The U.S. Federal Trade Commission announced its first crackdown on deceptive claims in the CBD market Thursday, issuing fines and sanctions to six manufacturers accused of misleading consumers about the health benefits of the cannabis extract.
The FTC, an independent government agency charged with consumer protection, says the six companies made illegal claims about their products’ ability to treat diseases including cancer, high blood pressure and Alzheimer’s disease.
“We are not saying that CBD products cannot provide some relief to some patients,” Andrew Smith, director of the FTC’s Bureau of Consumer Protection, told reporters after announcing the sanctions. “But the same rules of the road apply to CBD products that apply to all other health products. In no event can they exaggerate or lie about the state of the science.”
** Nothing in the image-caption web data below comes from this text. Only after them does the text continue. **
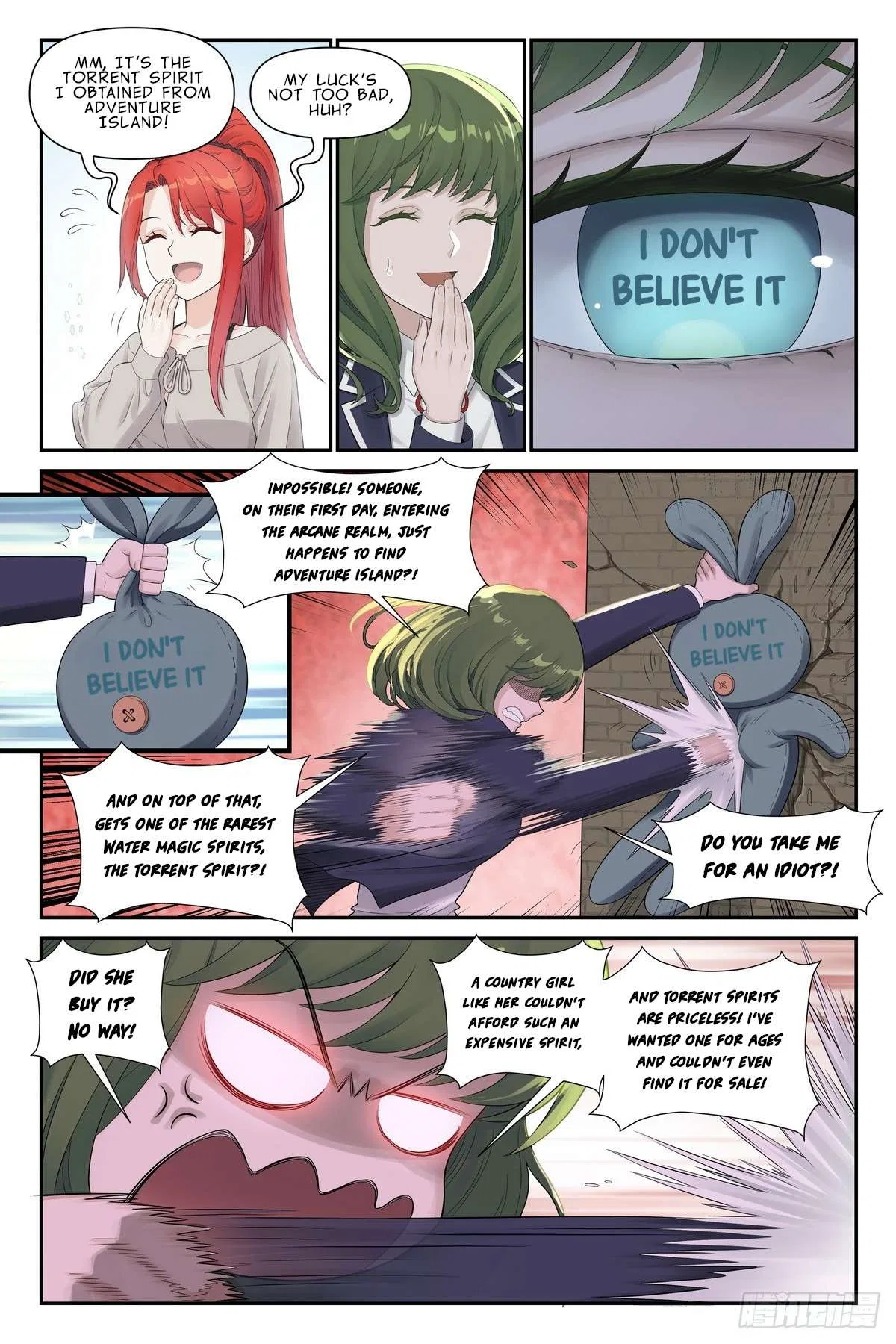 The Sorcerer Manual Chapter 20 – Page 8
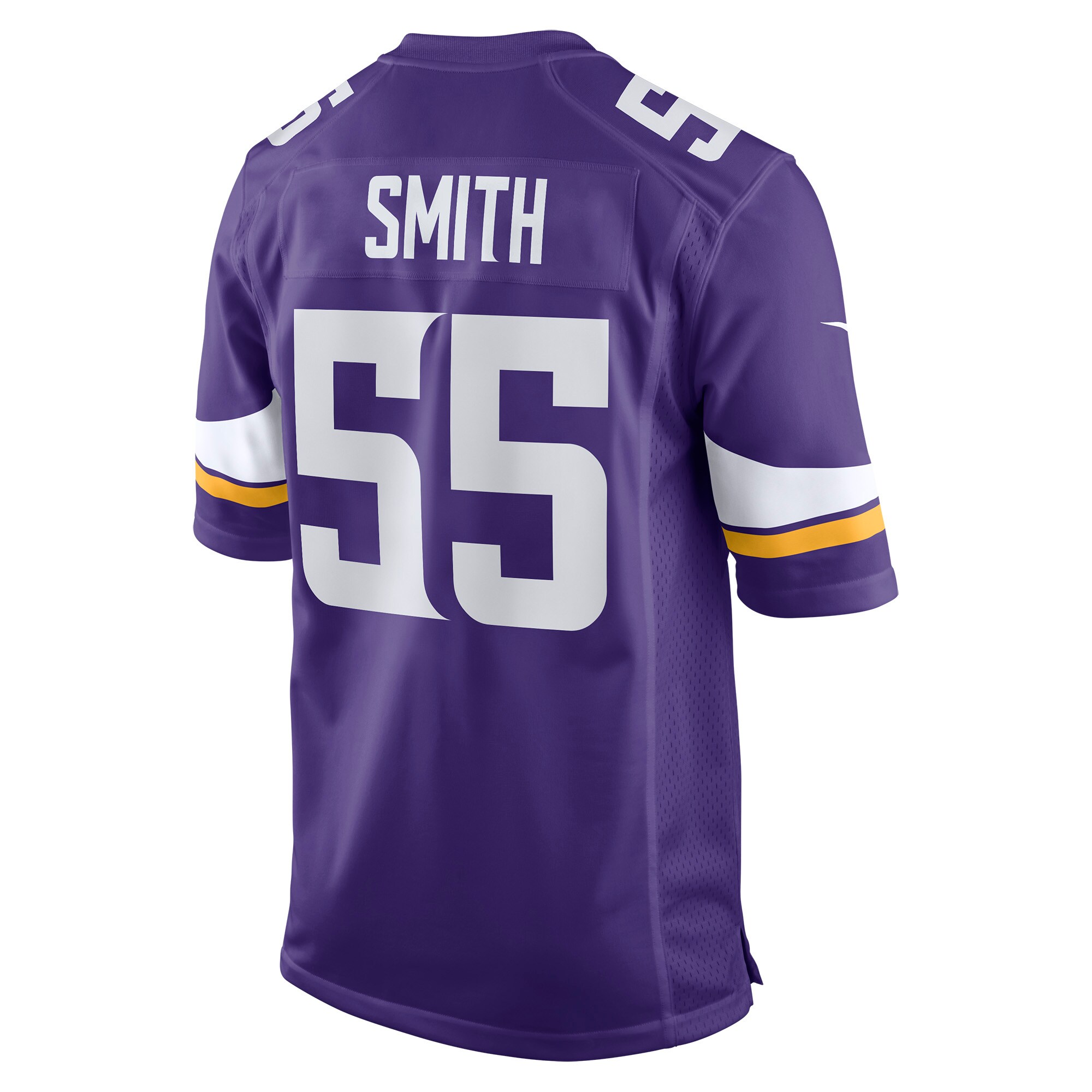 Za'Darius Smith Minnesota Vikings  Game Jersey - Purple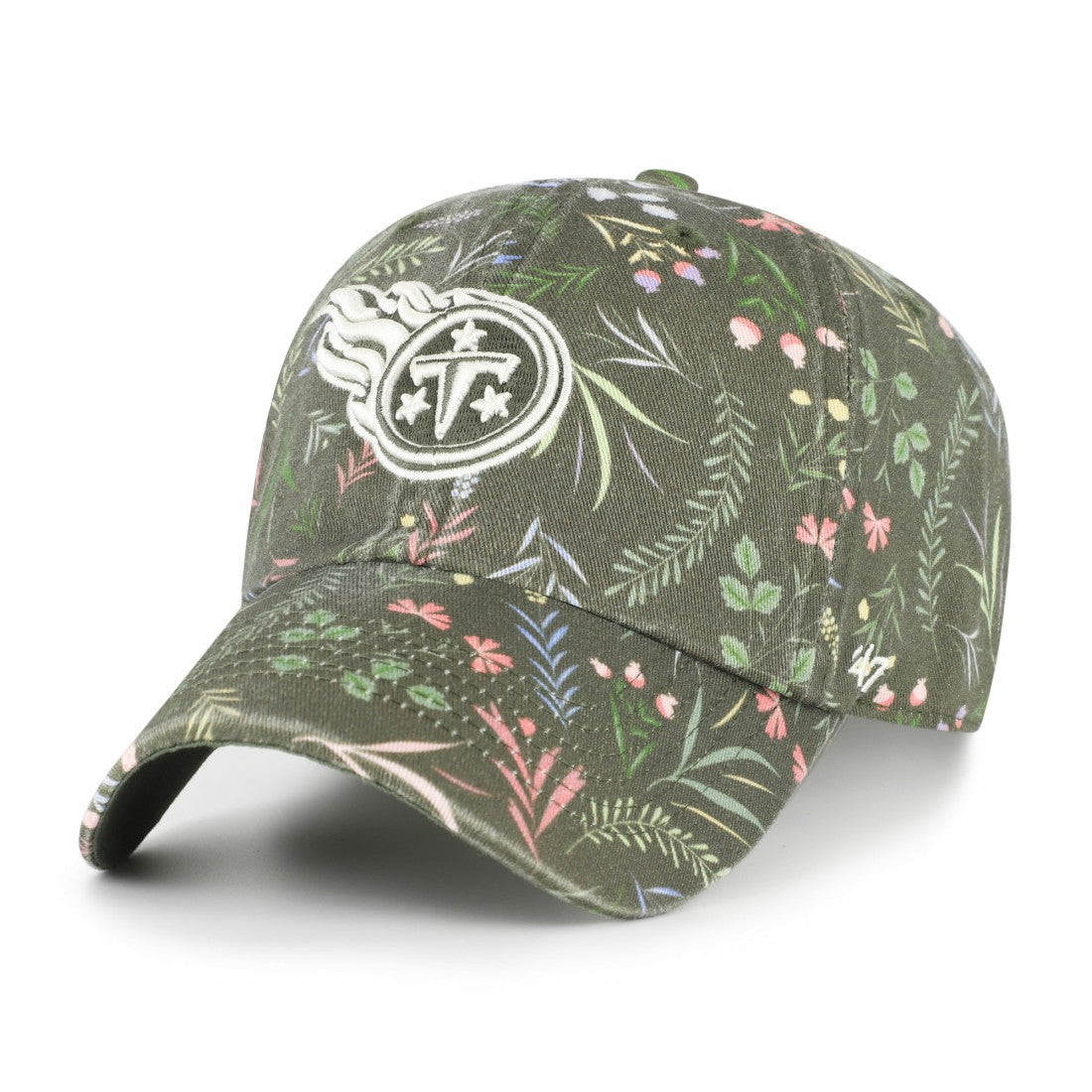 Tennessee Titans '47 Women's Verbena Clean Up Adjustable Hat Green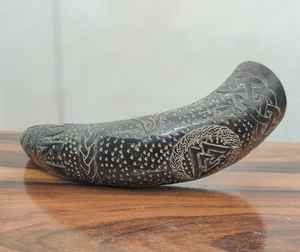 Cuerno para beber vikingo estilo Ángel, cuerno para beber hecho a mano, pulido para Hotel, hogar o restaurante, artesanías naturales - Product Image 4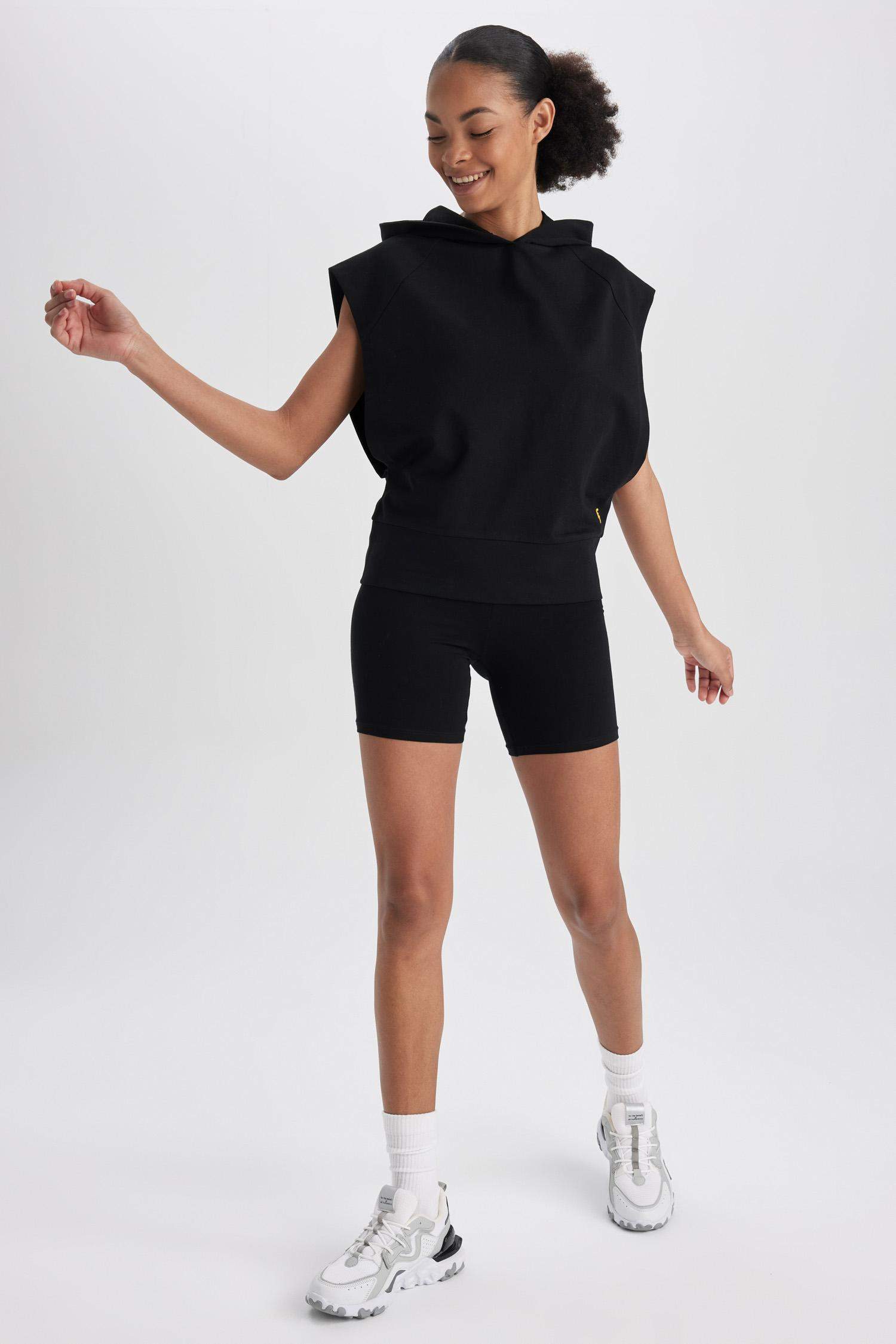 Defacto Fit Biker Waist Tights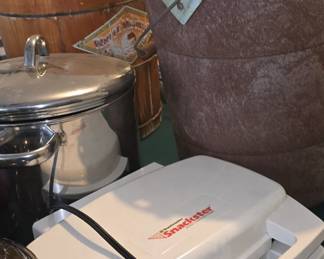 Ice Cream Makers - Sandwich Maker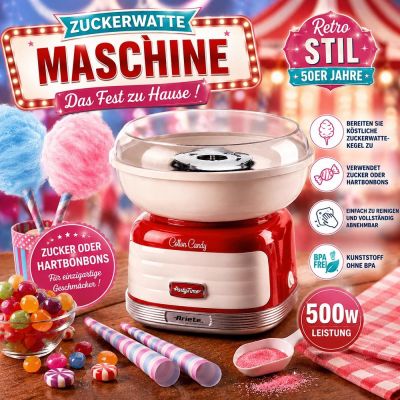 Zuckerwattemaschine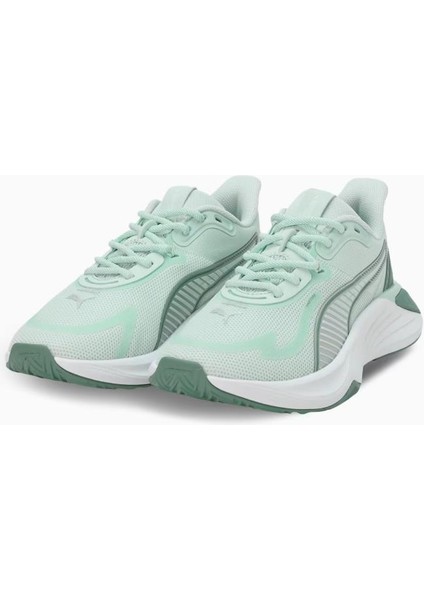 Kadın Puma Pwr Hybrid Tr Wns Lace Pack Mavi Kadın Yürüyüş ve Koşu Ayakkabısı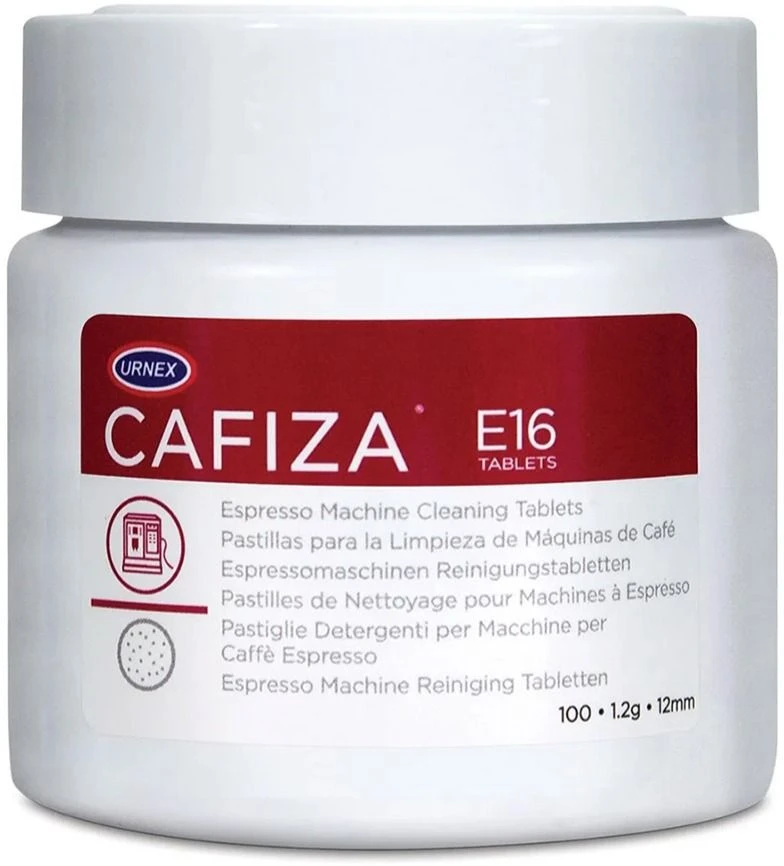 Urnex Cafiza E16 Espresso Machine Cleaning Tablets 100 Pcs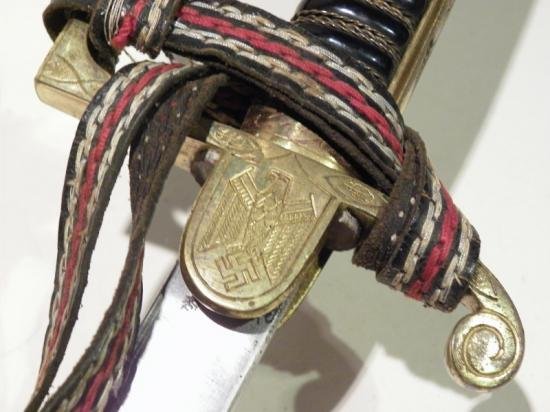 1930's German Army Officer's Sword by Alcoso. (4) — image 4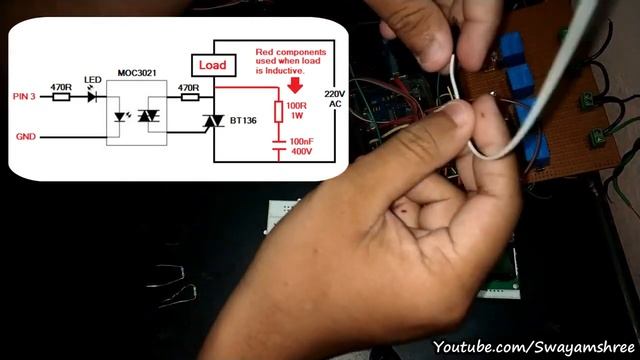 #Project_Hub || AC Dimmer CIRCUIT || Control your fan speed by a TV-Remote OR Android || Part-3 || смотреть онлайн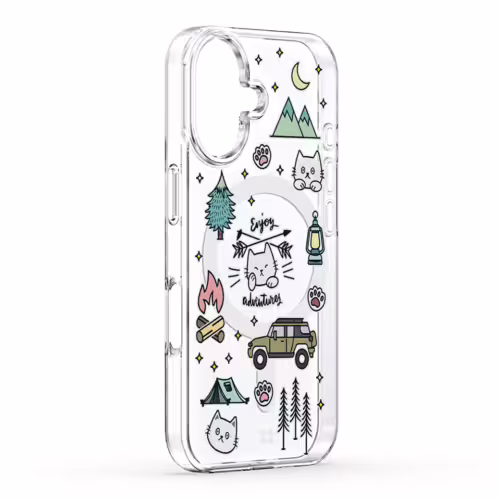 Casestudi รุ่น Cast - เคส iPhone 16 Plus - สี Campfire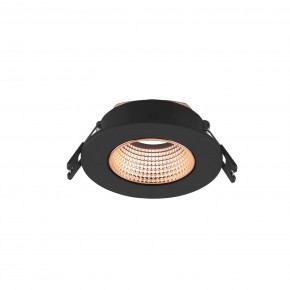 DK3061-BBR Встраиваемый светильник, IP 20, 10 Вт, GU5.3, LED, черный/бронзовый, пластик в Талице - talica.ok-mebel.com | фото 2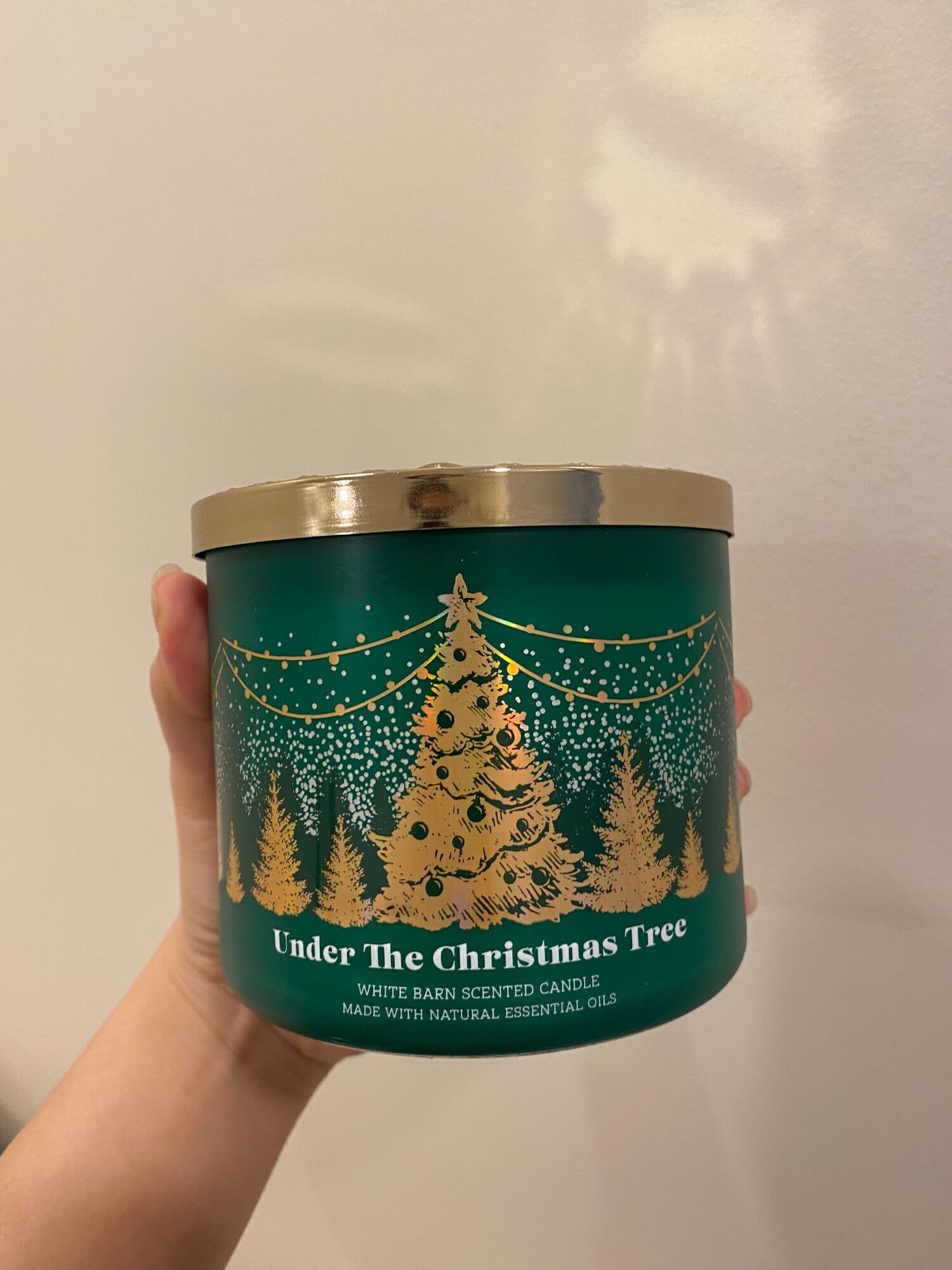 Nến thơm 3 bấc - bath and body works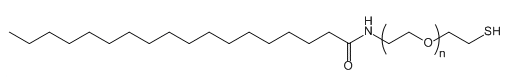 STA-PEG-SHӲ֬-Ҷ-Stearic acid-PEG-Thiol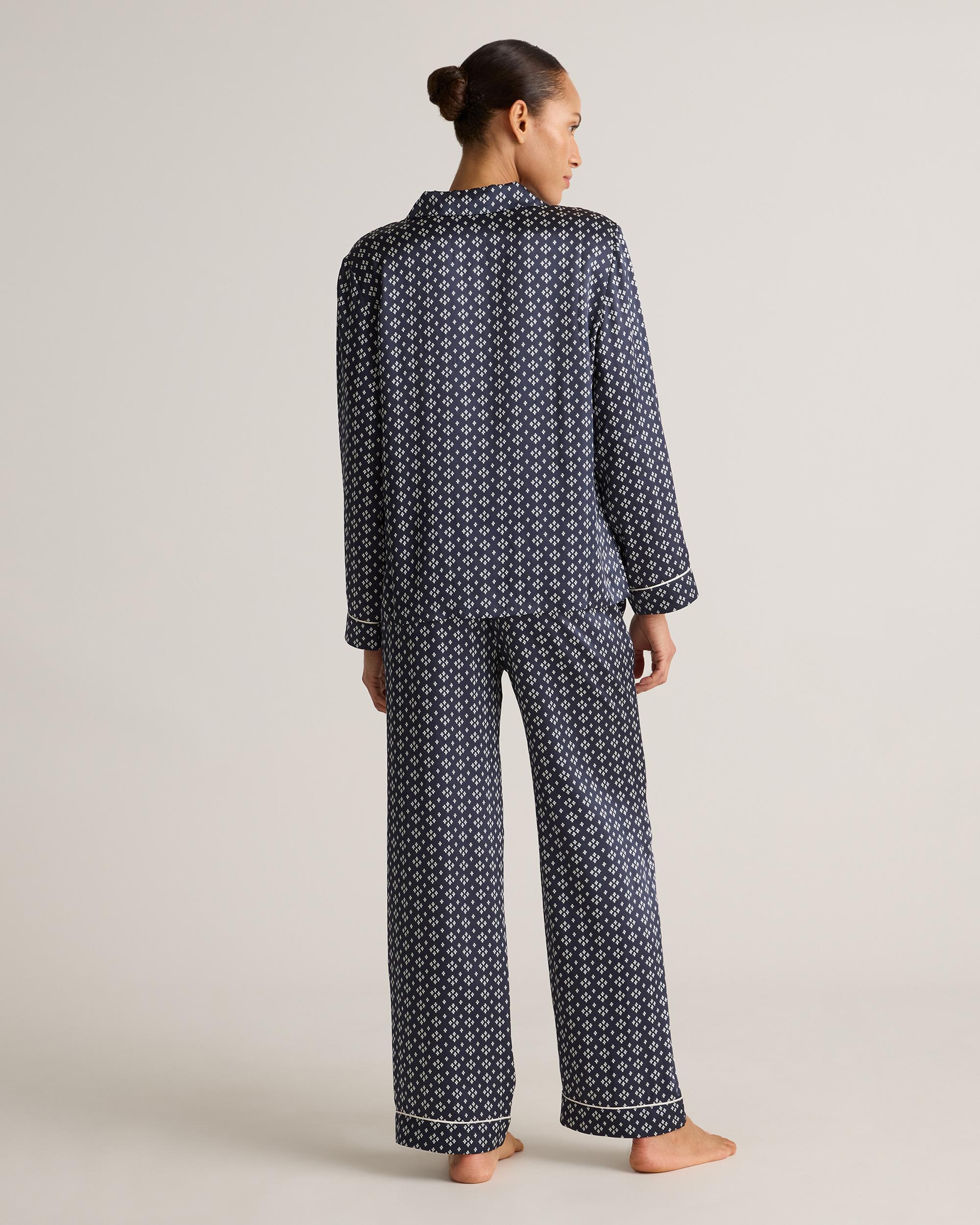 Quince | Women's Satin Pajama Pants Mulberry Silk Product Image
The sanctioned CBD makers were:
Bionatrol Health and Isle Revive of Pleasant Grove, Utah. The company was ordered to pay $20,000.
Epichouse (First Class Herbalist) of West Valley City, Utah. The company was ordered to pay $30,000.
CBD Meds Inc. of Winchester, California. The company was ordered to stop making unproven claims.
Easybutter and HempmeCBD of Boca Raton, Florida. The company was ordered to pay $36,254.
Reef Industries and CannaTera of Costa Mesa, California. The company was ordered to pay $85,000.
Steves Distributing of Longmont, Colorado. The company was ordered to pay $75,000.
The FTC cited illegal advertising claims made by each of the manufacturers. Claims included promises that taking CBD would “leav(e) you pain free and feeling years younger.” Many included customer testimonials saying the products cured rare ailments or replaced prescription drugs, including OxyContin.
Each of the companies is also required to notify consumers within 45 days of the FTC sanctions. The companies then must submit a report to the FTC within 90 days summarizing their actions, including the total number of eligible customers identified and notified.
The agency said the CBD industry could expect more actions in the future when unsubstantiated medical claims are made.
“Don’t make spurious health claims that are unsupported by medical science,” Smith said in a statement. “Otherwise, don’t be surprised if you hear from the FTC.”